Faut-il encore labourer ? Jérôme Labreuche, ingénieur de recherche chez Arvalis, suit la question de près. « Je m’occupe d’un essai de longue durée démarré en 1970, où l’on compare le labour, le semis direct et le travail superficiel. » Pour l’agronome, l’évolution des techniques de travail du sol ne doit pas faire oublier les avantages de cette pratique ancestrale, qui restent nombreux.

 

Premier point abordé, si passer la charrue provoque bien une dilution de la matière organique, labourer présente l’intérêt d'homogénéiser l’horizon travaillé. « En réalité, les différences de teneur en matière organique observées sur des parcelles travaillées différemment tiennent surtout aux entrées de biomasse. Il est tout à fait possible d’améliorer ce paramètre dans des parcelles labourées en jouant sur l’implantation de couverts végétaux, la fumure ou les apports extérieurs. »

Les parcelles labourées plus propres

La charrue est aussi un outil très efficace pour gérer les adventices. « Elle enfouit le stock semencier, confirme Jérôme Labreuche. Dans nos essais, on observe régulièrement des niveaux de salissures plus faibles en parcelles labourées. C’est particulièrement vrai concernant les graminées, car les graines ont une durée de vie plus courte. Le labour est un levier parmi d'autres : rotations des cultures, dates de semis… », nuance par ailleurs le chercheur.

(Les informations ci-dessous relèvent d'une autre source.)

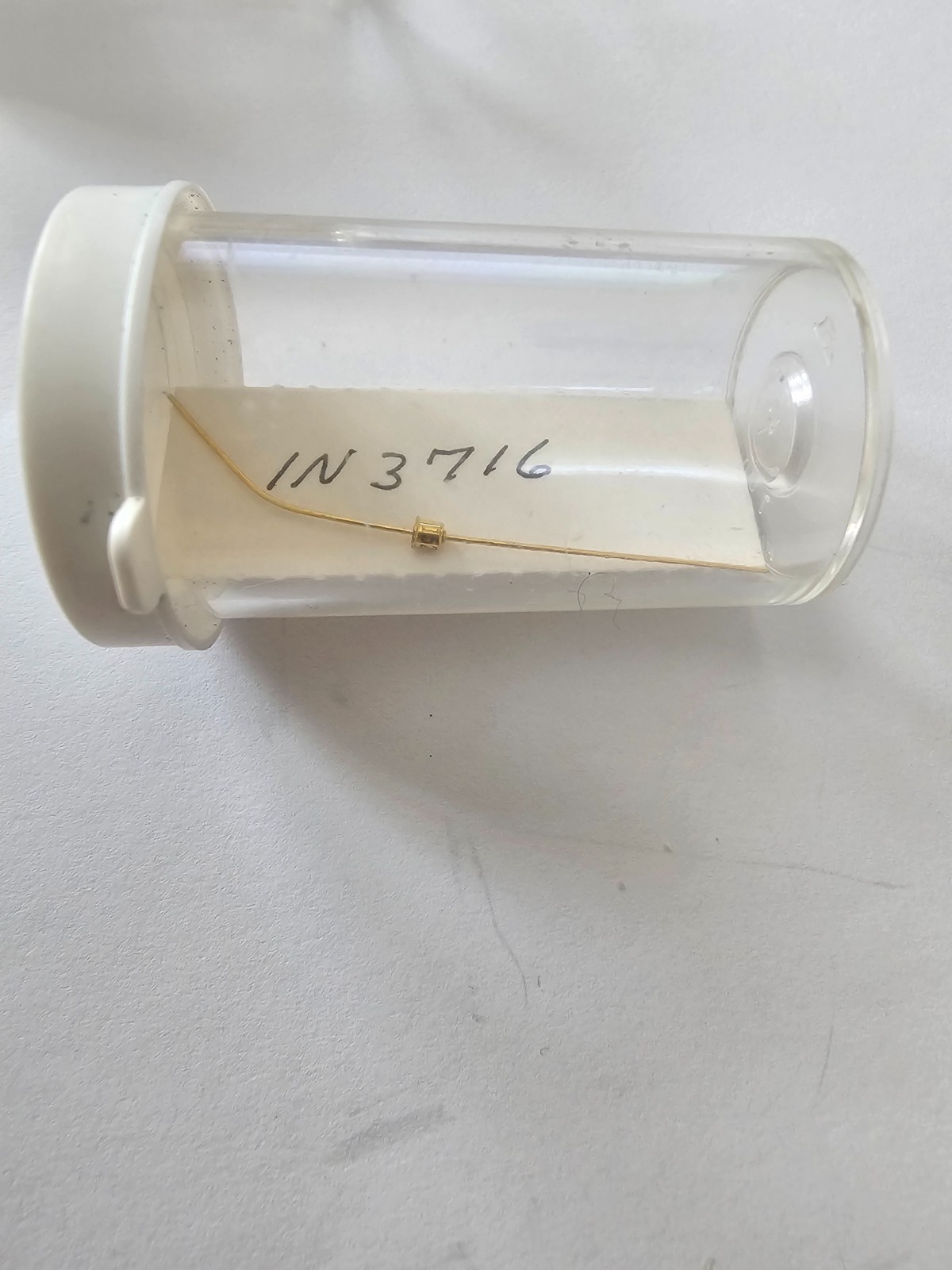 Tektronix Tunnel Diodes 1N3716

Principal défaut du labour : des coûts de mécanisation souvent élevés, surtout en terres lourdes. « Le non-labour avant des cultures d'automne permet souvent de réussir des implantations très simplifiées qui, en comparaison, sont extrêmement économiques. C'est dans ces situations-là qu'on aura peut-être le plus intérêt à se passer de la charrue », souligne Jérôme Labreuche. Pour profiter au mieux des bénéfices, l’agronome conseille de ramener sa fréquence dans la rotation à trois ou quatre ans. « Attention aussi au temps de travail. Dans beaucoup d’exploitations, c’est un vrai facteur limitant. »

Conditions d’interventions : savoir faire des compromis

Les conditions d’intervention jouent un rôle déterminant dans la qualité du travail et les bénéfices générés. L’idéal reste un sol ressuyé et friable, ni trop sec, ni trop mouillé, mais en pratique, il faut souvent composer avec la météo et le calendrier. C’est le cas à l’automne, en amont des semis tardifs de blé. « En entrée d’hiver, le constat est similaire : il faut viser les meilleures fenêtres d’intervention possibles, tout en sachant faire des compromis en contexte plus humide », tempère l’expert. Le labour demeure pourtant un allié précieux dans certaines situations difficiles. « Parfois, c'est la seule technique qui permet de semer pour avoir une levée correcte par la suite. »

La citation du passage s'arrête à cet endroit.